■ Exercise material:
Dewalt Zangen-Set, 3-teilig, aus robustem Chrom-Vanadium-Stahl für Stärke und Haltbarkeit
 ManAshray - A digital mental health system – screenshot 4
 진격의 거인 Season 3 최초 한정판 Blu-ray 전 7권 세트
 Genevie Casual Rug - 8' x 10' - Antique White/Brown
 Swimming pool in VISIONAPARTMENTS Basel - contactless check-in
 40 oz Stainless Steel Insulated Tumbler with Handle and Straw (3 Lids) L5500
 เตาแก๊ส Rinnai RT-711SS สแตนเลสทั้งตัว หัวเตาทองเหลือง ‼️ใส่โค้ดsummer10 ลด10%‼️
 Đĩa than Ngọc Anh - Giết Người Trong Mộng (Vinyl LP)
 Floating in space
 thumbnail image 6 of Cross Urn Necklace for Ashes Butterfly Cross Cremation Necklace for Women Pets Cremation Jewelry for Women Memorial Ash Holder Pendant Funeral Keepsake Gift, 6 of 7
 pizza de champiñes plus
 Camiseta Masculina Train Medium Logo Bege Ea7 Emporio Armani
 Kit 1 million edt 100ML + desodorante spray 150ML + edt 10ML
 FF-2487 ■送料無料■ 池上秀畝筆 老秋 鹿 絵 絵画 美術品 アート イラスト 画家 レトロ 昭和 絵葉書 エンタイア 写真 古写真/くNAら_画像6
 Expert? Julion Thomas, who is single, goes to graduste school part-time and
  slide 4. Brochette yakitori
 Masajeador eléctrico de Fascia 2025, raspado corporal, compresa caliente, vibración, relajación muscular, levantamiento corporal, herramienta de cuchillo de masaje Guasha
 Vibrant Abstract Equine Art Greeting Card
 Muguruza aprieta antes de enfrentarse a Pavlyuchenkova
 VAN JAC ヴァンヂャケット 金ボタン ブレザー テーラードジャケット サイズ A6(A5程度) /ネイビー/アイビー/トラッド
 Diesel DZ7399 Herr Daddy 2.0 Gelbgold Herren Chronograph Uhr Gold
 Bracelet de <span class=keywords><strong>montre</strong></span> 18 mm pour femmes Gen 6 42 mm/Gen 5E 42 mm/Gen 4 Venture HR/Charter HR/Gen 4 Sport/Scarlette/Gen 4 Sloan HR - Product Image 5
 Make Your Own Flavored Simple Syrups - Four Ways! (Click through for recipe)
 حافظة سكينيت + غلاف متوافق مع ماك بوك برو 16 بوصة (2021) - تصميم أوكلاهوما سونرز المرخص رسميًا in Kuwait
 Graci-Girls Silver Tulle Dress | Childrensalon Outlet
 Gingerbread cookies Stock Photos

■ Try it: Going down the listing above, begin printing at the line with "40 oz Stainless" and finish with the line with "Bracelet de <span", exactly as they appear.

■ Reply to the task:
 40 oz Stainless Steel Insulated Tumbler with Handle and Straw (3 Lids) L5500
 เตาแก๊ส Rinnai RT-711SS สแตนเลสทั้งตัว หัวเตาทองเหลือง ‼️ใส่โค้ดsummer10 ลด10%‼️
 Đĩa than Ngọc Anh - Giết Người Trong Mộng (Vinyl LP)
 Floating in space
 thumbnail image 6 of Cross Urn Necklace for Ashes Butterfly Cross Cremation Necklace for Women Pets Cremation Jewelry for Women Memorial Ash Holder Pendant Funeral Keepsake Gift, 6 of 7
 pizza de champiñes plus
 Camiseta Masculina Train Medium Logo Bege Ea7 Emporio Armani
 Kit 1 million edt 100ML + desodorante spray 150ML + edt 10ML
 FF-2487 ■送料無料■ 池上秀畝筆 老秋 鹿 絵 絵画 美術品 アート イラスト 画家 レトロ 昭和 絵葉書 エンタイア 写真 古写真/くNAら_画像6
 Expert? Julion Thomas, who is single, goes to graduste school part-time and
  slide 4. Brochette yakitori
 Masajeador eléctrico de Fascia 2025, raspado corporal, compresa caliente, vibración, relajación muscular, levantamiento corporal, herramienta de cuchillo de masaje Guasha
 Vibrant Abstract Equine Art Greeting Card
 Muguruza aprieta antes de enfrentarse a Pavlyuchenkova
 VAN JAC ヴァンヂャケット 金ボタン ブレザー テーラードジャケット サイズ A6(A5程度) /ネイビー/アイビー/トラッド
 Diesel DZ7399 Herr Daddy 2.0 Gelbgold Herren Chronograph Uhr Gold
 Bracelet de <span class=keywords><strong>montre</strong></span> 18 mm pour femmes Gen 6 42 mm/Gen 5E 42 mm/Gen 4 Venture HR/Charter HR/Gen 4 Sport/Scarlette/Gen 4 Sloan HR - Product Image 5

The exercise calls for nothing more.